Your list is interesting. To each there own man.


----------



## loomaluftwaffe (Feb 12, 2006)

the stuka wasnt bad till like 1941-43 not sure


----------



## Gnomey (Feb 12, 2006)

Stuka's were mauled by the RAF in the Battle of Britain and they were withdrawn from frontline service.


----------



## DerAdlerIstGelandet (Feb 12, 2006)

Stukas were only good when you had air supperiority which the Luftwaffe did not gain in the BoB.


----------



## plan_D (Feb 12, 2006)

I'd rather have the Whitley for my bomber in 1939. It could carry more than most, if not all "heavy" bombers of the time. 

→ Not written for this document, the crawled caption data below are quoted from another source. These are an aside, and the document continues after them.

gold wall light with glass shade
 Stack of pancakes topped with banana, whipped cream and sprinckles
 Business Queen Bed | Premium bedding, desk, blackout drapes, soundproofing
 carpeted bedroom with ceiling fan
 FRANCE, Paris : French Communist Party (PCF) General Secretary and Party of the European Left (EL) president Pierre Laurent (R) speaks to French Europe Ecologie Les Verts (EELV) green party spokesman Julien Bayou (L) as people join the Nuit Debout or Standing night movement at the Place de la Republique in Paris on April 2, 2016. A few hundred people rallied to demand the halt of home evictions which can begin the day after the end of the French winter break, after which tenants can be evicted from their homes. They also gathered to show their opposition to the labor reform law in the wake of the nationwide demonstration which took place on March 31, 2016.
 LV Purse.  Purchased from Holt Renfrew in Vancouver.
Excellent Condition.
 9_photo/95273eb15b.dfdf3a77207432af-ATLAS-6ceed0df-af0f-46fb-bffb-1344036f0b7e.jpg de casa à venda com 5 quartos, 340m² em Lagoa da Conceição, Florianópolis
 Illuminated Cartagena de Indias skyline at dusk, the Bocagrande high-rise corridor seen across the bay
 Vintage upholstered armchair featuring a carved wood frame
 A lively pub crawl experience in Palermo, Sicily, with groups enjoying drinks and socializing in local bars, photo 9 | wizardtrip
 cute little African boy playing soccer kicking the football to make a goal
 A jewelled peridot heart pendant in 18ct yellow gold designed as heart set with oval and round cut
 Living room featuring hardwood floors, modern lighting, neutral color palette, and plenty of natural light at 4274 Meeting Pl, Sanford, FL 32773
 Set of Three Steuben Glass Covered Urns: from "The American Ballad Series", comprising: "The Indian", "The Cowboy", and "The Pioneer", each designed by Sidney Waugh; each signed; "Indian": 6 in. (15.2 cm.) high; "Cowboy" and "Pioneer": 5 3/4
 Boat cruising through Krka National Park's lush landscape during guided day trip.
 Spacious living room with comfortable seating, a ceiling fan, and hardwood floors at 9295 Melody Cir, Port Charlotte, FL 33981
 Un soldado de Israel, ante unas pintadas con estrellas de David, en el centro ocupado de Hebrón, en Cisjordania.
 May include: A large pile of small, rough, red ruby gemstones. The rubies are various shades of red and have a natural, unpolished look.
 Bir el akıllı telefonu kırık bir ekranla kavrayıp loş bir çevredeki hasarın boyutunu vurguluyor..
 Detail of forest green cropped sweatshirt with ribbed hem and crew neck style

The Ju-87 was withdrawn from front-line service in the ETO. It's worth had vanished. It was obvious that Britain would not give in because of bombing, and the RAF was a strength the Luftwaffe could not overwhelm. 
The Stuka was still in use in North Africa and Russia, to deadly effect. Not so much against the British and Commonwealth in North Africa, after all they knew what to expect. 
In Russia it was a deadly machine right up until the wars end. Even the most battle-hardened of Soviet troops could be shaken by the sirens of Stukas. I imagine in their high spirits an appearance of enemy bombers shocked them out of their skin. After all, weren't the VVS supposed to have air superiority by 1945? Most, if not all, Red Army troops would question that. 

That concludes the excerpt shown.